This fall will mark my 23rd year of teaching political philosophy and American political thought at Bowdoin. I dearly love this college and want to do everything that I can to see Bowdoin be the best that it can be.

But love requires honesty, and Thomas Klingenstein's essay provides us with the opportunity to examine one area where we are notably deficient: intellectual and political diversity.

In his essay, Mr. Klingenstein estimates that the actual number of conservative/Republican faculty is 4 percent. I do not know how he arrived at that number, but using figures from the Bowdoin College profile at the website CollegeData, there are 177 faculty engaged in the full-time teaching of undergraduates, 4 percent of which would equal seven. I have not made a scientific study of this, but that number, small as it is, strikes me as too high.

Having recently served as chair of the government department, I know first-hand the efforts we as a college have made to recruit racial and ethnic minorities, and those efforts are bearing fruit.

It is now time to make a serious effort to foster greater intellectual and political diversity. This is a position that all those who truly care about this college should share, no matter what their political affiliation, because it will make us a far better and more effective institution of higher learning.

But do not take my word for it. John Stuart Mill's "On Liberty," one of the central texts of modern liberalism, argues that "the only way in which a human being can make some approach to knowing the whole of a subject, is by hearing what can be said about it by persons of every variety of opinion, and studying all modes in which it can be looked at by every character of mind."

Do our curriculum and our faculty represent a suitably wide range of intelligent views on the great questions of human existence and of how we should live? Alas, the questions answer themselves.

No one should imagine that this imbalance results merely from the lack of capable and productive scholars who take positions on the other side of the aisle.

For the past few years, I have been involved with leading scholars in history and government at both the Jack Miller Center at the University of Virginia and the Intercollegiate Studies Institute at Princeton in programs designed to mentor a rising generation of young academics interested in American history and political thought.
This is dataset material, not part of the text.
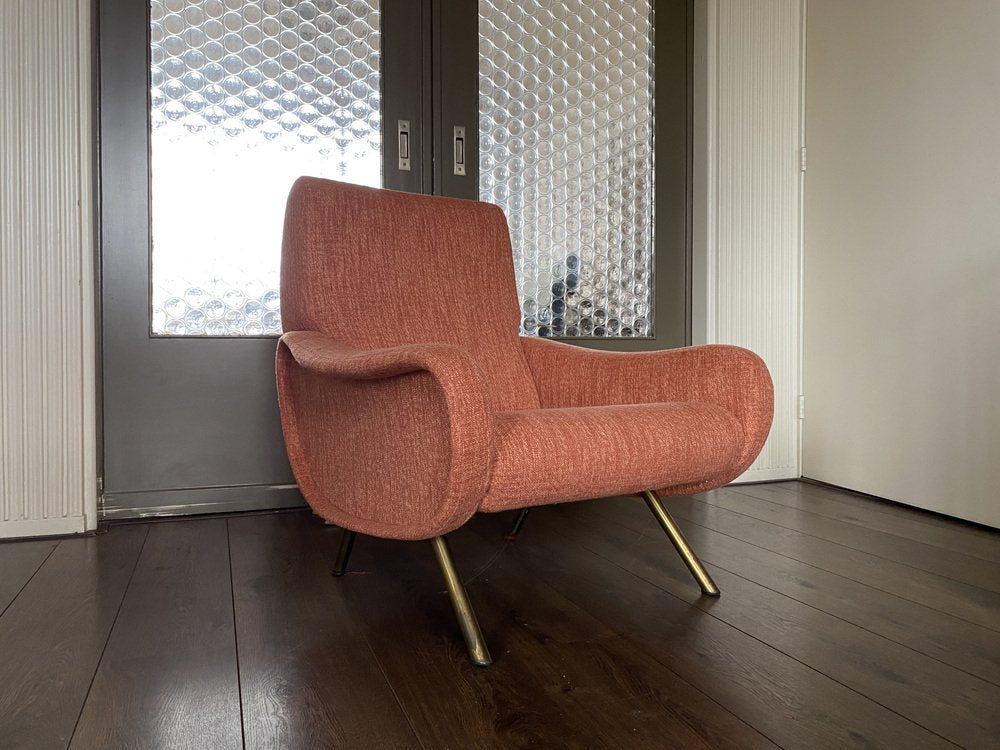 Mid-Century Early Edition Lady Chair with Wooden Frame by Arflex, 1950s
So, I know that there are highly qualified people out there on the job market at the entry level, and that there are senior faculty with distinguished records whom we could try to recruit.
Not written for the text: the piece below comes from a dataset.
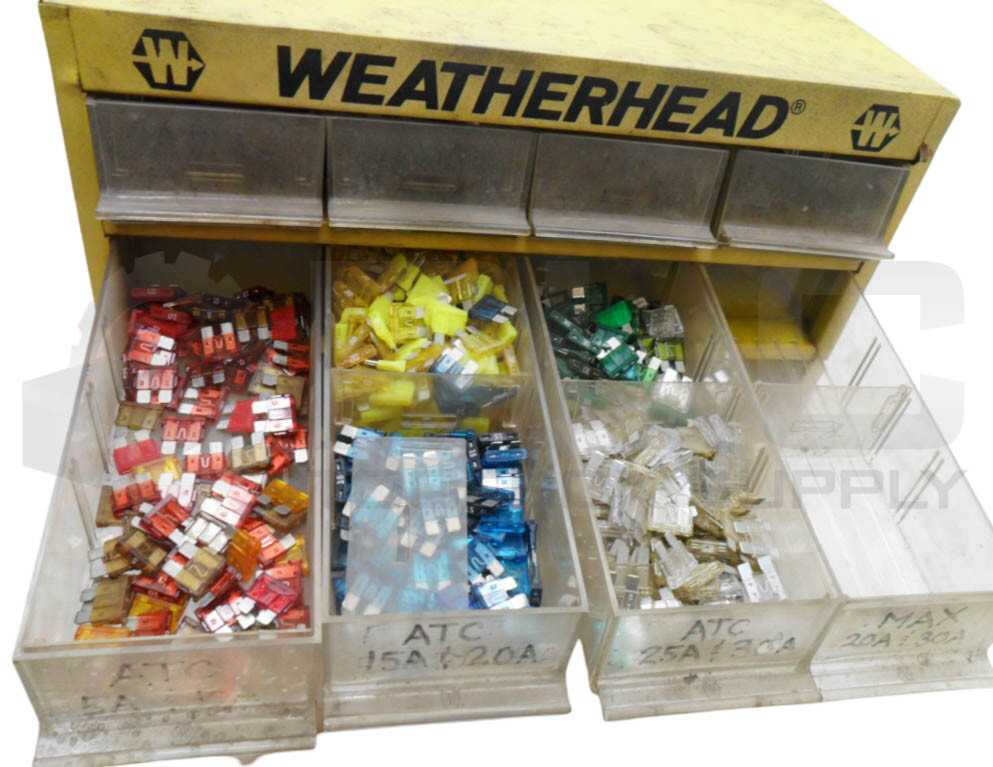 WEATHERHEAD 16 DRAWER METAL CABINET W/ NEW ASSORTED AUTOMOTIVE FUSES 5-30A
What we need is a willingness to act, coupled with presidential leadership. President Mills has done much to foster a climate that is welcoming to students and faculty from different religious faiths, and I warmly applaud those efforts.

We need look no further than last week's Veritas Forum, where over 250 students turned out to hear a friendly and intelligent debate on secular vs. Christian views of the good.

Now it is time for President Mills to think about how we can promote greater political and intellectual diversity on campus and make ourselves an even better college.

Whatever our political differences, this is a goal that I hope all of us, who are committed to the fostering of lively debate and intellectual growth, can share. I wish President Mills well and am ready to help in any way that I can.

Jean Yarbrough is the Gary M. Pendy, Sr., professor of social sciences at the College.